When a 30-year-old production assistant, Callie Khouri, had the wild idea to write a movie unlike any she had ever seen, about outlaw women on the run fleeing dull and disenchanted lives, the obstacles were almost too numerous to overcome. The bleak reality of Hollywood was that women screenwriters and filmmakers were practically unheard of in the 1980s, and movies about women were just as rare. Frustrated, intelligent, and full of thwarted talent, Khouri persisted, and today, Thelma & Louise, for which Khouri became the first woman writing on her own to receive an Oscar for best original screenplay since 1932, continues to electrify audiences and remains a cultural statement of defiance. In OFF THE CLIFF, Becky Aikman tells the extraordinary story behind this cinematic masterpiece, which crashed through barriers and upended traditional Hollywood.
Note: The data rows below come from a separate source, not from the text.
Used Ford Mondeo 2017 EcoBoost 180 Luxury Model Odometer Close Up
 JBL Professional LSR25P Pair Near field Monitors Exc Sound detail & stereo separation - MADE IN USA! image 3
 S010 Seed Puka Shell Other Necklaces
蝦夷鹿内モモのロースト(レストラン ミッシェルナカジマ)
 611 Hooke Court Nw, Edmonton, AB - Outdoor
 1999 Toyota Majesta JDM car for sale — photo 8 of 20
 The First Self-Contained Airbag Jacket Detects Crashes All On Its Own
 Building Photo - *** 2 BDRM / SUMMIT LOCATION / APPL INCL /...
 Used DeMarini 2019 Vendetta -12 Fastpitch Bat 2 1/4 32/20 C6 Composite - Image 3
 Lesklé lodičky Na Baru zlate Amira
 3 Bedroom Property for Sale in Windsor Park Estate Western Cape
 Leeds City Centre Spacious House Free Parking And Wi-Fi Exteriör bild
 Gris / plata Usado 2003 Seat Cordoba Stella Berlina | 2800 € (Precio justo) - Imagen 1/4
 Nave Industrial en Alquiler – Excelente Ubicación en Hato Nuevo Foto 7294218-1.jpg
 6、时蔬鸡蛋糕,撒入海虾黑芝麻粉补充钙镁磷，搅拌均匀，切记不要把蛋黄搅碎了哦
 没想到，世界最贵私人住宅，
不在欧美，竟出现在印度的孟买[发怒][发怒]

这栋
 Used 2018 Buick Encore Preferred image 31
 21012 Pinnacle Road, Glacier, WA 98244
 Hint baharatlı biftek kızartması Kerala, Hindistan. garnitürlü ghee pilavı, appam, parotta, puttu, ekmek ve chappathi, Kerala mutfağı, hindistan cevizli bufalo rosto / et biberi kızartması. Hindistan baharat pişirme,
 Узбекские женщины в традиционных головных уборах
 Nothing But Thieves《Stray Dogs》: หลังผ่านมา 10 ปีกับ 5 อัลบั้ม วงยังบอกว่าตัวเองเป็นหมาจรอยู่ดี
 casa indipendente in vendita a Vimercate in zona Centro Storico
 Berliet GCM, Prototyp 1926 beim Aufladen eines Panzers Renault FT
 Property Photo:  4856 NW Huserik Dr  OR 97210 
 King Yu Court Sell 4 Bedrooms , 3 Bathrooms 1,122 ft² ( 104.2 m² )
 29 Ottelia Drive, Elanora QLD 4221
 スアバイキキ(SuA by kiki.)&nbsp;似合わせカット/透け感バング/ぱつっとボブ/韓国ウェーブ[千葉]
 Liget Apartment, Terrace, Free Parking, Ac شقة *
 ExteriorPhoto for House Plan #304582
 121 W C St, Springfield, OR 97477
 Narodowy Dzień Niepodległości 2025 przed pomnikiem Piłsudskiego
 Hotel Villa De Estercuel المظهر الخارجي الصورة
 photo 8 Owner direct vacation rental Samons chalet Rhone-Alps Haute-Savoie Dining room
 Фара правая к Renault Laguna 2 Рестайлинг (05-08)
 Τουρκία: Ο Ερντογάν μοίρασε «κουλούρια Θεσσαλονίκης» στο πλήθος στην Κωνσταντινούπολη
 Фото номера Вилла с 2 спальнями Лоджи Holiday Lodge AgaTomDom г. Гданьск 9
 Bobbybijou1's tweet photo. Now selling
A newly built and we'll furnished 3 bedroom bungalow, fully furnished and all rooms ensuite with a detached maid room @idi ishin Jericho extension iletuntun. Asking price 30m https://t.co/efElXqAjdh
Drawing on over 150 exclusive interviews with stars Geena Davis and Susan Sarandon, director Ridley Scott, actors, studio bosses, producers, as well as a huge cast of lesser-known characters who pushed for the film to be made, Aikman crafts an exhilarating narrative driven by vivid personalities, from the old-school studio chief Alan Ladd Jr. to a newcomer named Brad Pitt.  More importantly, backed with groundbreaking social and cultural commentary, she shines a light on the current state of the film industry. Aikman examines how women's participation in film has made little progress since Thelma & Louise marked a high point, and why audiences of women and girls still rarely get to view themselves portrayed as persons of consequence and agency on the silver screen.

OFF THE CLIFF is a deeply-researched story of success in the face of challenging hurdles—but a success which somehow failed to shift the film industry towards more female-driven films. Aikman looks at how the struggle for women's voices to be heard in Hollywood that a bold team of filmmakers faced 25 years ago still looms today and shows what we can learn from one of the rare moments when the movies got it right.